- _EXERCISE DETAILS_: Please return the listing exactly as written, but without its pictures.

- _STORED DATA_:
────

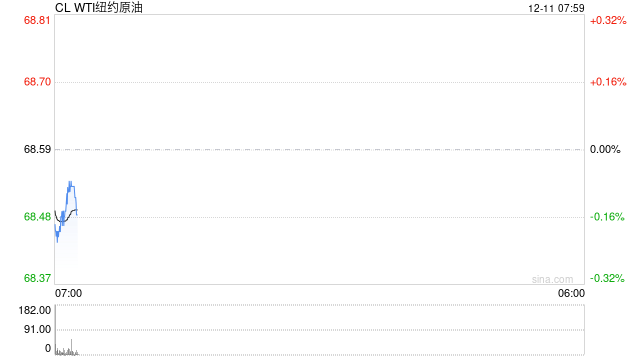 原油:油价微升 交易员聚焦本周OPEC和IEA市场展望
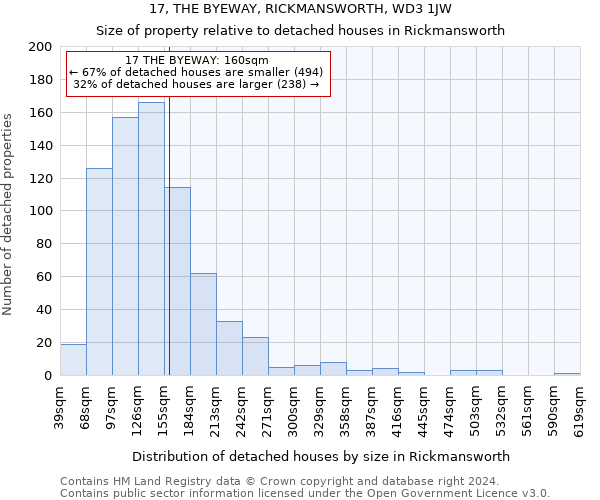 17, THE BYEWAY, RICKMANSWORTH, WD3 1JW: Size of property relative to detached houses in Rickmansworth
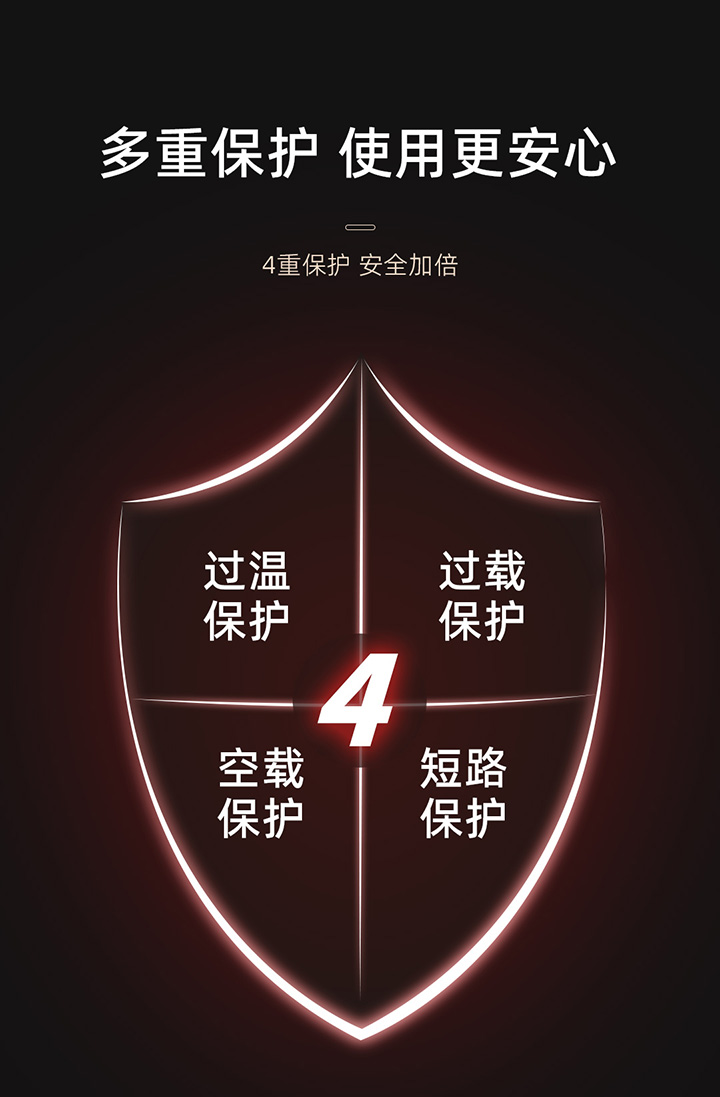IoT智能驅動-多重保護，使用更安全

────

- _RESULT_:
 原油:油价微升 交易员聚焦本周OPEC和IEA市场展望
 17, THE BYEWAY, RICKMANSWORTH, WD3 1JW: Size of property relative to detached houses in Rickmansworth
IoT智能驅動-多重保護，使用更安全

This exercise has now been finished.